---------- GIVEN ENTRIES

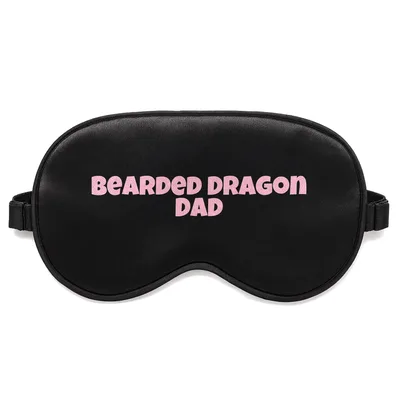 Bearded Dragon Dad Sleep Mask for Reptile Lovers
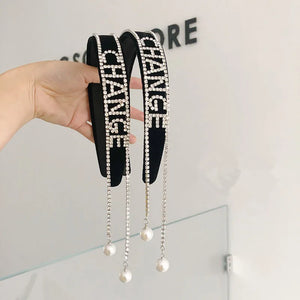 Women Headband Twist Hairband Girl Bows Headbands Cross Turban Hairbands
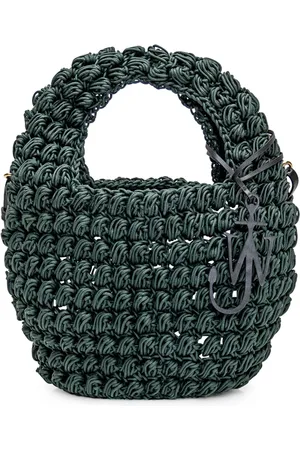 J.W.Anderson Dames, Tassen, Groen, Maat: ONE Size Katoen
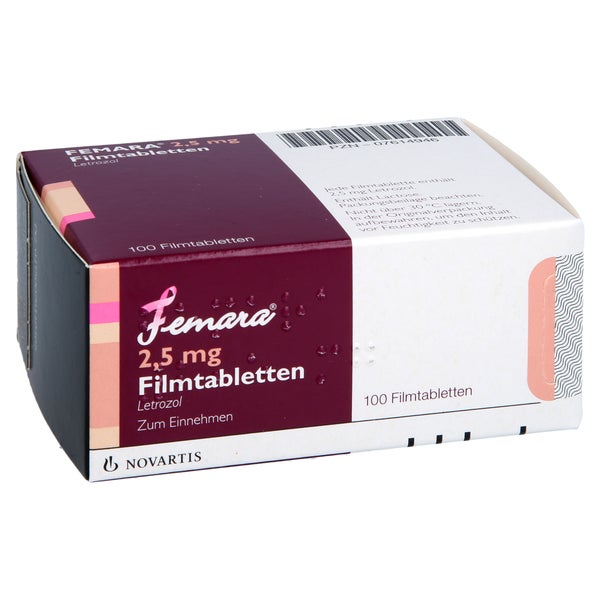 Femara 2,5 mg Filmtabletten 100 St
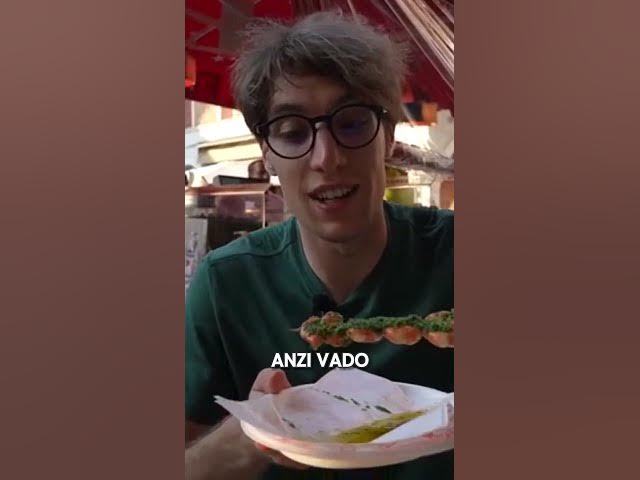 'Video thumbnail for Scopri La Folperia: Street Food di pesce nel Centro di Padova'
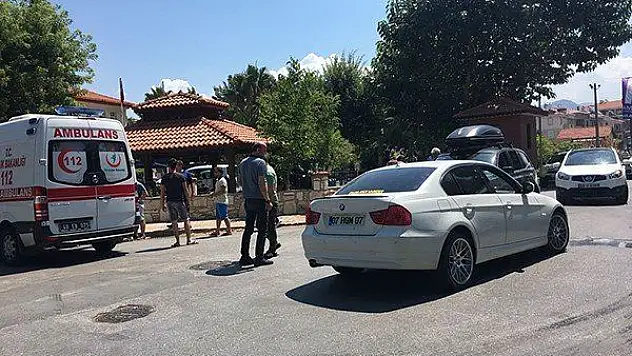 Milas'ta trafik kazası: 3 yaralı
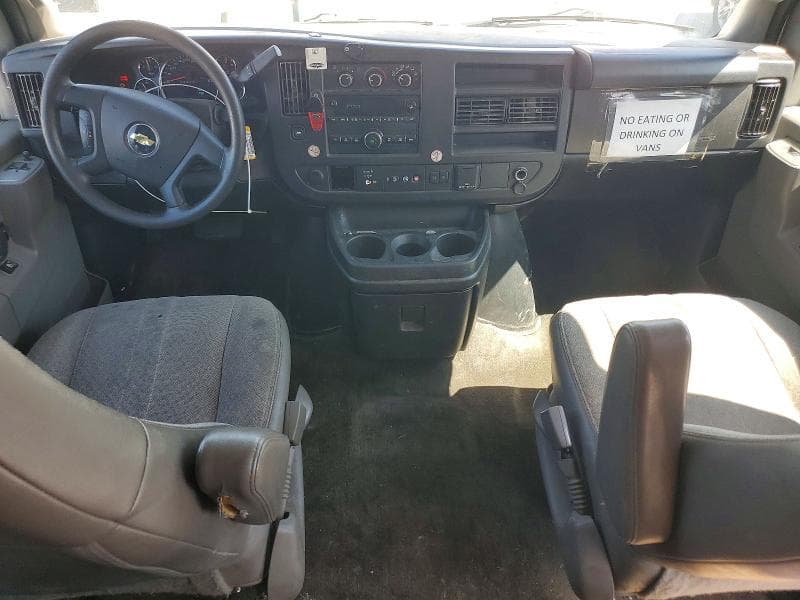 2019 CHEVROLET EXPRESS G3500 LT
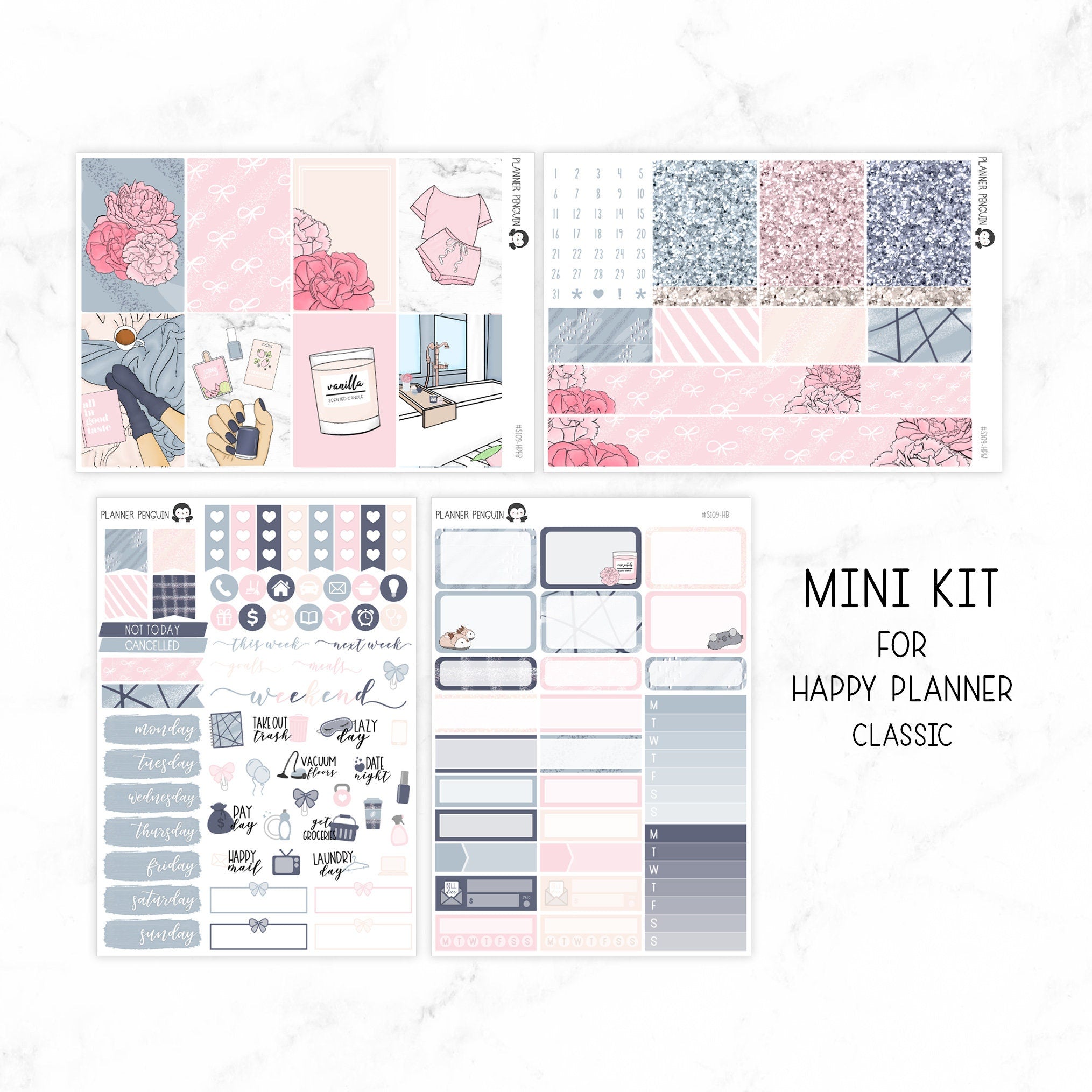 Me Time Weekly Kit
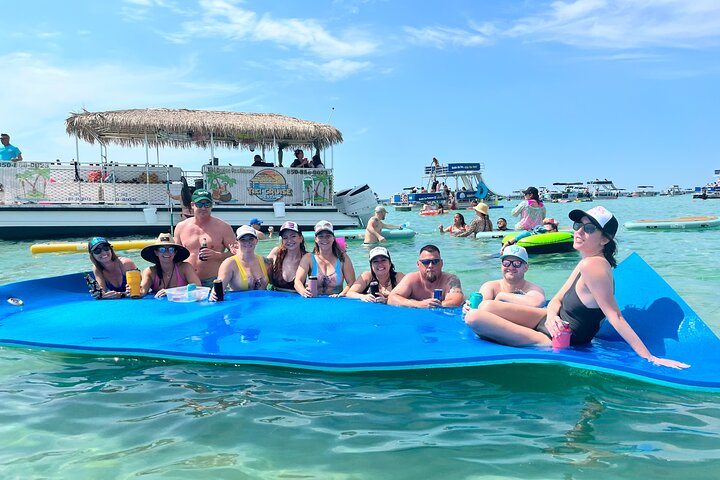 Crab Island Boat Tour – Half Day in Destin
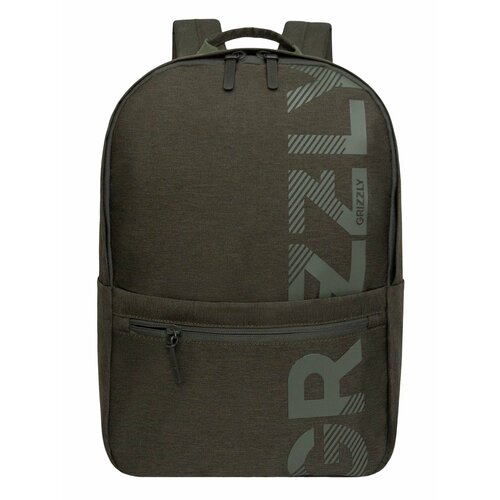 Стильный городской рюкзак GRIZZLY для подростков - подходит молодежи и взрослым RQL-414-2/2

--------------------

- ACTIVITY: Exact text is required for the lines from the one with "Me Time Weekly Kit" through the last line of the entries, both included. Omit pictures.

- RESULT BELOW:
 Me Time Weekly Kit
 Crab Island Boat Tour – Half Day in Destin
 Стильный городской рюкзак GRIZZLY для подростков - подходит молодежи и взрослым RQL-414-2/2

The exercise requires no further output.